Supplied information —
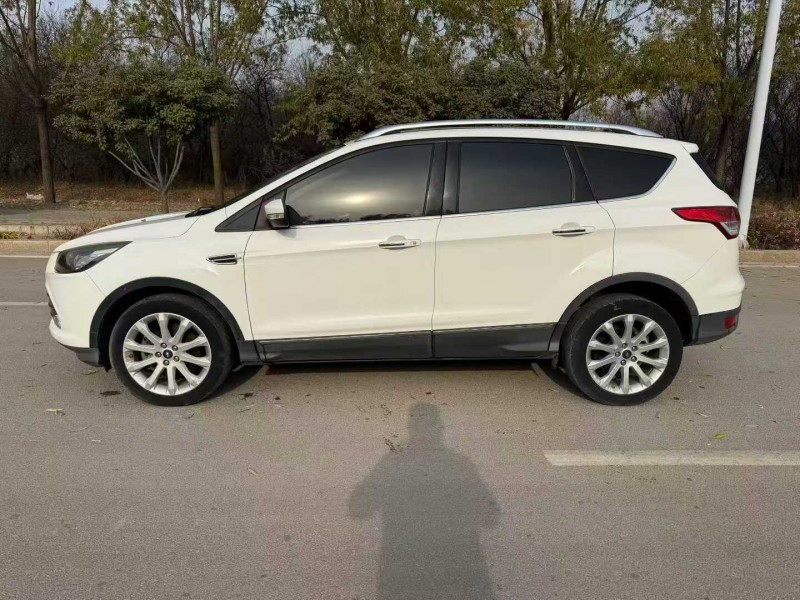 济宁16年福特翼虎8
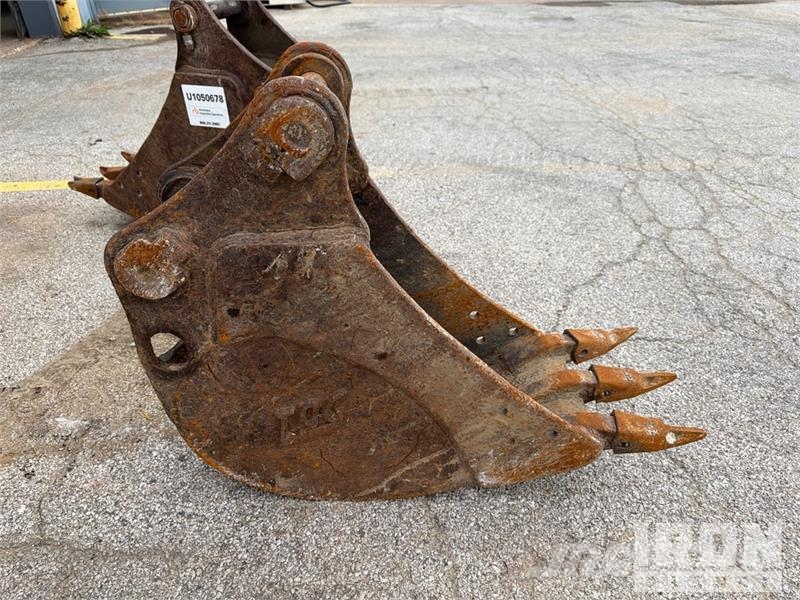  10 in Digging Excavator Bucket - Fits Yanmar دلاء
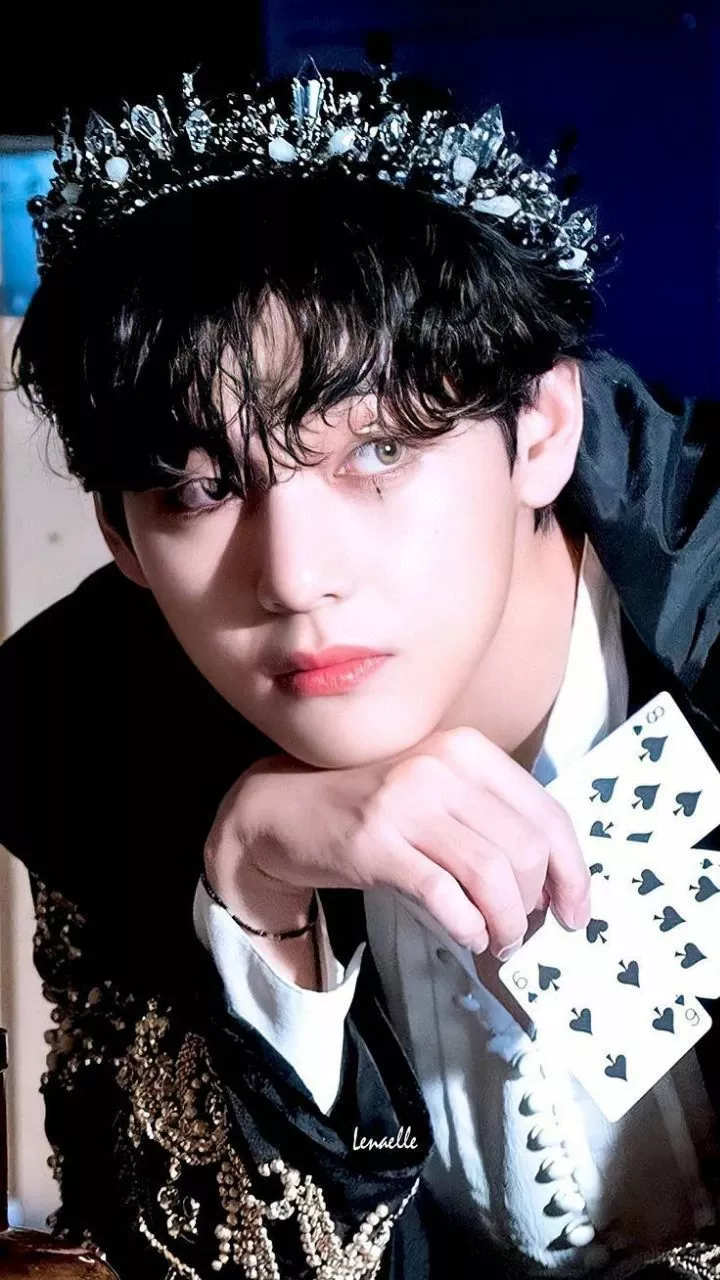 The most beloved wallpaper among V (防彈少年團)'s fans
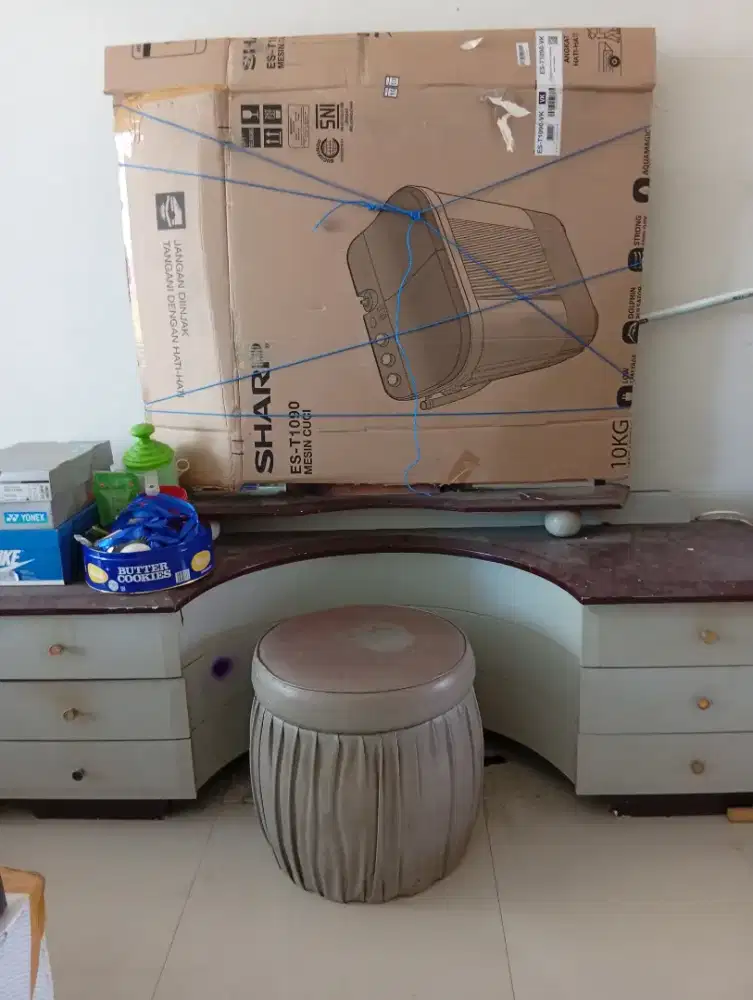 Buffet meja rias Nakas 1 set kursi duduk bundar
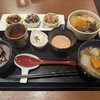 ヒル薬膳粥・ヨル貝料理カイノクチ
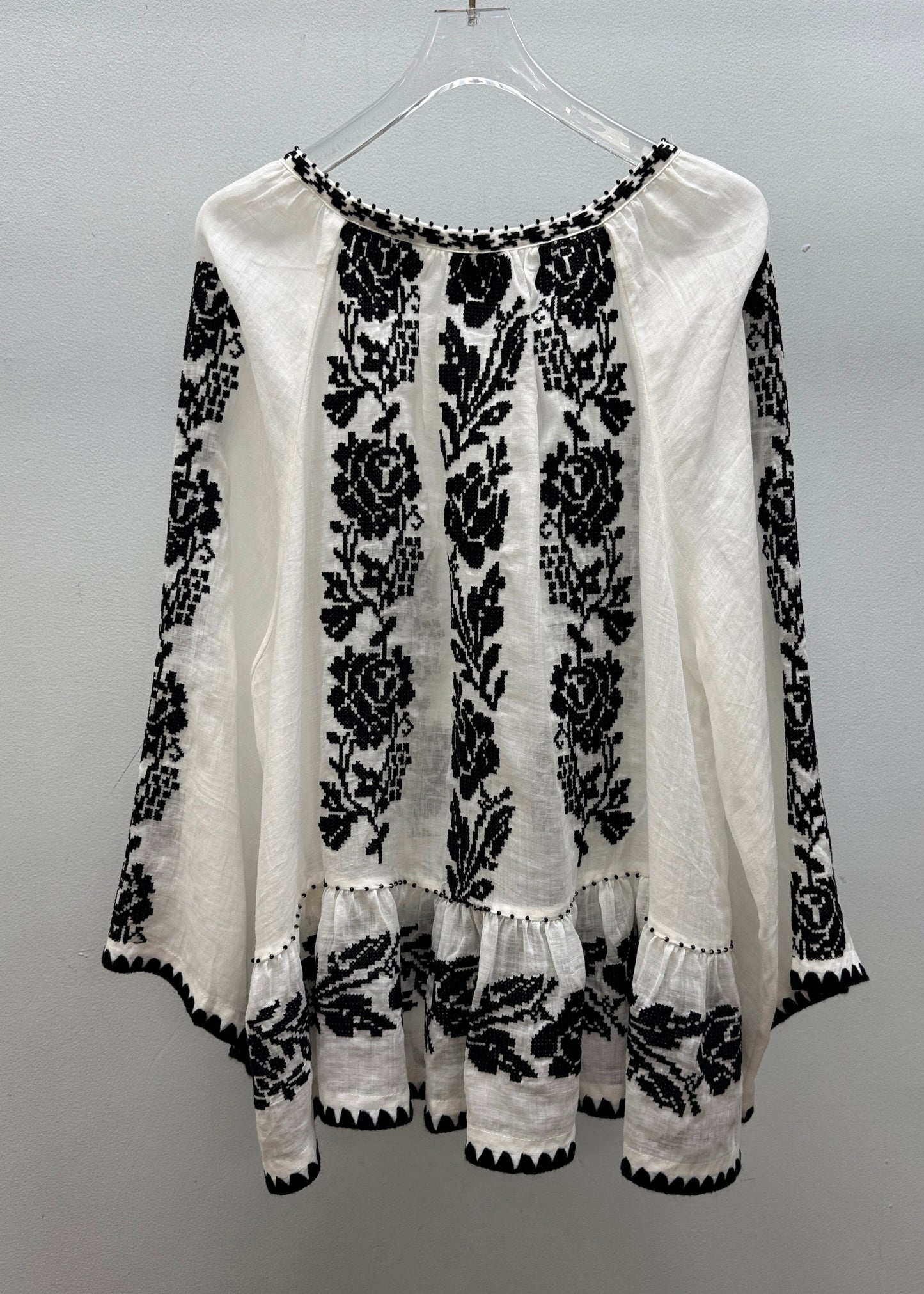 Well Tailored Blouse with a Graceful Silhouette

Exercise directions — Please output the lines from the line that contains "The most beloved" through the end of the records, both ends included, exactly and with no pictures.

Response to the exercise —
 The most beloved wallpaper among V (防彈少年團)'s fans
 Buffet meja rias Nakas 1 set kursi duduk bundar
 ヒル薬膳粥・ヨル貝料理カイノクチ
 Well Tailored Blouse with a Graceful Silhouette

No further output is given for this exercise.